◆ INPUT DATA
==========

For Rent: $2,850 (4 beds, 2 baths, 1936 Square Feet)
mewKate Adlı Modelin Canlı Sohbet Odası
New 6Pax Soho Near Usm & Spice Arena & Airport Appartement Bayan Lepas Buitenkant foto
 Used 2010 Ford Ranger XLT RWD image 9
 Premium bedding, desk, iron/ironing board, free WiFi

==========

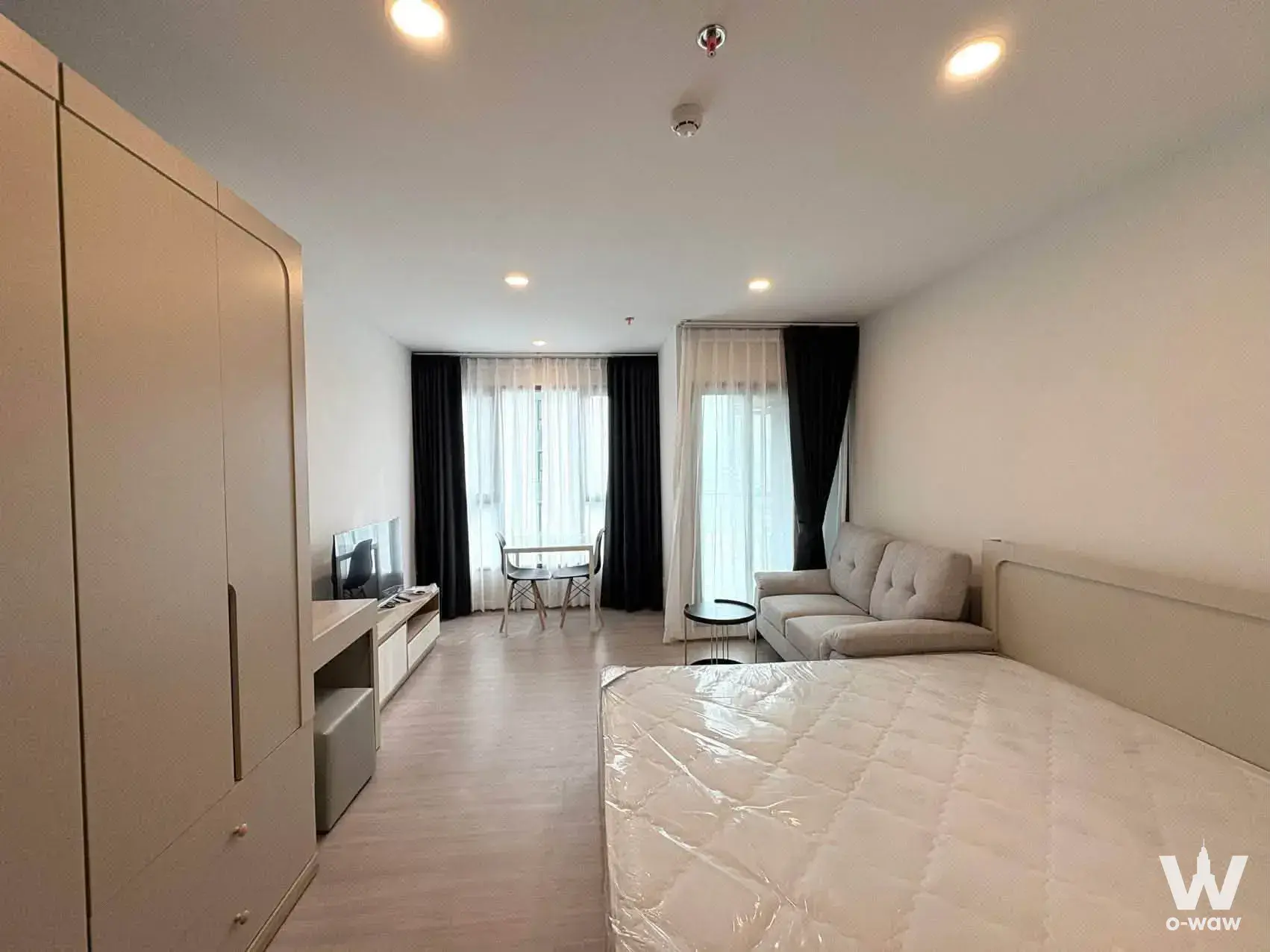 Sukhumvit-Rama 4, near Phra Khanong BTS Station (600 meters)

==========

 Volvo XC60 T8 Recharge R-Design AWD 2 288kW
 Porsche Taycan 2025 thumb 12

==========

◆ WORK TASK
Copy the lines above exactly. Start with the line containing "New 6Pax Soho", end with the line containing "Premium bedding, desk, iron/ironing", and include both.

◆ SOLUTION TO THIS PROBLEM
New 6Pax Soho Near Usm & Spice Arena & Airport Appartement Bayan Lepas Buitenkant foto
 Used 2010 Ford Ranger XLT RWD image 9
 Premium bedding, desk, iron/ironing board, free WiFi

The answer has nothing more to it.